→ What is needed:
After locating the line that contains "Tour Eiffel and Wall of Peace 360° Panorama" in the records below, write out exactly that line and each line after it through the one that contains "5 Bedroom Property", and nothing else.

→ Data for analysis:
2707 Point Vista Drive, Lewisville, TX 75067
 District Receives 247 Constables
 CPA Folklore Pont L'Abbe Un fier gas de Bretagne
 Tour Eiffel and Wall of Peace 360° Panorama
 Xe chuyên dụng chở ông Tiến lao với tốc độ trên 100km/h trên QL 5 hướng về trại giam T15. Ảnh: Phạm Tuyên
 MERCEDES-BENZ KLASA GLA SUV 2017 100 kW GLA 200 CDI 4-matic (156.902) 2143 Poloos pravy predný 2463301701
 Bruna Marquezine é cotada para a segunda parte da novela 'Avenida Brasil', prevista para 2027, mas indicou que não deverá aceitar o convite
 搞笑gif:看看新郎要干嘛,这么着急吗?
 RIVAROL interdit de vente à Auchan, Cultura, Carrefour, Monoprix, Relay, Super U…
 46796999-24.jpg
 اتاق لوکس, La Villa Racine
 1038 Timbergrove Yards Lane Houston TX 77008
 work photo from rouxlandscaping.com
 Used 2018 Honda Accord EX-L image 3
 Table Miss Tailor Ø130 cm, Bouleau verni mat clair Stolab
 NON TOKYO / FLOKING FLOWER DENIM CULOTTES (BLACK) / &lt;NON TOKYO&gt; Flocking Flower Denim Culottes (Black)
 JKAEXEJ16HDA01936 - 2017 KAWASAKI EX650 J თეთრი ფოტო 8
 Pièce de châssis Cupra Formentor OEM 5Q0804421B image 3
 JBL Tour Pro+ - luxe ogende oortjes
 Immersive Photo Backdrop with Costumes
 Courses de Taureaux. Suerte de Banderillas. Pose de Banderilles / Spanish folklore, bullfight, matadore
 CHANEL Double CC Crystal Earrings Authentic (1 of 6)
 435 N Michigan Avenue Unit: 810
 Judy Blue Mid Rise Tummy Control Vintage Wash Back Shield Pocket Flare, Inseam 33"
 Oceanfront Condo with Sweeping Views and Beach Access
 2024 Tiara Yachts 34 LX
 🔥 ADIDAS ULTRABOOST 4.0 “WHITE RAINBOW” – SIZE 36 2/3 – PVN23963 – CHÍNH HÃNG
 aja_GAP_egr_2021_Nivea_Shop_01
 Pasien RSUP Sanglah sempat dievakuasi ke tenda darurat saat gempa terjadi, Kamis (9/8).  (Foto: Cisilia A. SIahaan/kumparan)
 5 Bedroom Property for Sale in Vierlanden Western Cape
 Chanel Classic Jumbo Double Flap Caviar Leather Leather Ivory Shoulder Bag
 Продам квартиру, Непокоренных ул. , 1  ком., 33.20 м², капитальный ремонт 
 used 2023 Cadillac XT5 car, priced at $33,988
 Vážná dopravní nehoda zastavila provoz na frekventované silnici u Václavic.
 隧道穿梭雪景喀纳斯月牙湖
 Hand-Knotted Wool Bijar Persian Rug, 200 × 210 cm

→ Written answer:
 Tour Eiffel and Wall of Peace 360° Panorama
 Xe chuyên dụng chở ông Tiến lao với tốc độ trên 100km/h trên QL 5 hướng về trại giam T15. Ảnh: Phạm Tuyên
 MERCEDES-BENZ KLASA GLA SUV 2017 100 kW GLA 200 CDI 4-matic (156.902) 2143 Poloos pravy predný 2463301701
 Bruna Marquezine é cotada para a segunda parte da novela 'Avenida Brasil', prevista para 2027, mas indicou que não deverá aceitar o convite
 搞笑gif:看看新郎要干嘛,这么着急吗?
 RIVAROL interdit de vente à Auchan, Cultura, Carrefour, Monoprix, Relay, Super U…
 46796999-24.jpg
 اتاق لوکس, La Villa Racine
 1038 Timbergrove Yards Lane Houston TX 77008
 work photo from rouxlandscaping.com
 Used 2018 Honda Accord EX-L image 3
 Table Miss Tailor Ø130 cm, Bouleau verni mat clair Stolab
 NON TOKYO / FLOKING FLOWER DENIM CULOTTES (BLACK) / &lt;NON TOKYO&gt; Flocking Flower Denim Culottes (Black)
 JKAEXEJ16HDA01936 - 2017 KAWASAKI EX650 J თეთრი ფოტო 8
 Pièce de châssis Cupra Formentor OEM 5Q0804421B image 3
 JBL Tour Pro+ - luxe ogende oortjes
 Immersive Photo Backdrop with Costumes
 Courses de Taureaux. Suerte de Banderillas. Pose de Banderilles / Spanish folklore, bullfight, matadore
 CHANEL Double CC Crystal Earrings Authentic (1 of 6)
 435 N Michigan Avenue Unit: 810
 Judy Blue Mid Rise Tummy Control Vintage Wash Back Shield Pocket Flare, Inseam 33"
 Oceanfront Condo with Sweeping Views and Beach Access
 2024 Tiara Yachts 34 LX
 🔥 ADIDAS ULTRABOOST 4.0 “WHITE RAINBOW” – SIZE 36 2/3 – PVN23963 – CHÍNH HÃNG
 aja_GAP_egr_2021_Nivea_Shop_01
 Pasien RSUP Sanglah sempat dievakuasi ke tenda darurat saat gempa terjadi, Kamis (9/8).  (Foto: Cisilia A. SIahaan/kumparan)
 5 Bedroom Property for Sale in Vierlanden Western Cape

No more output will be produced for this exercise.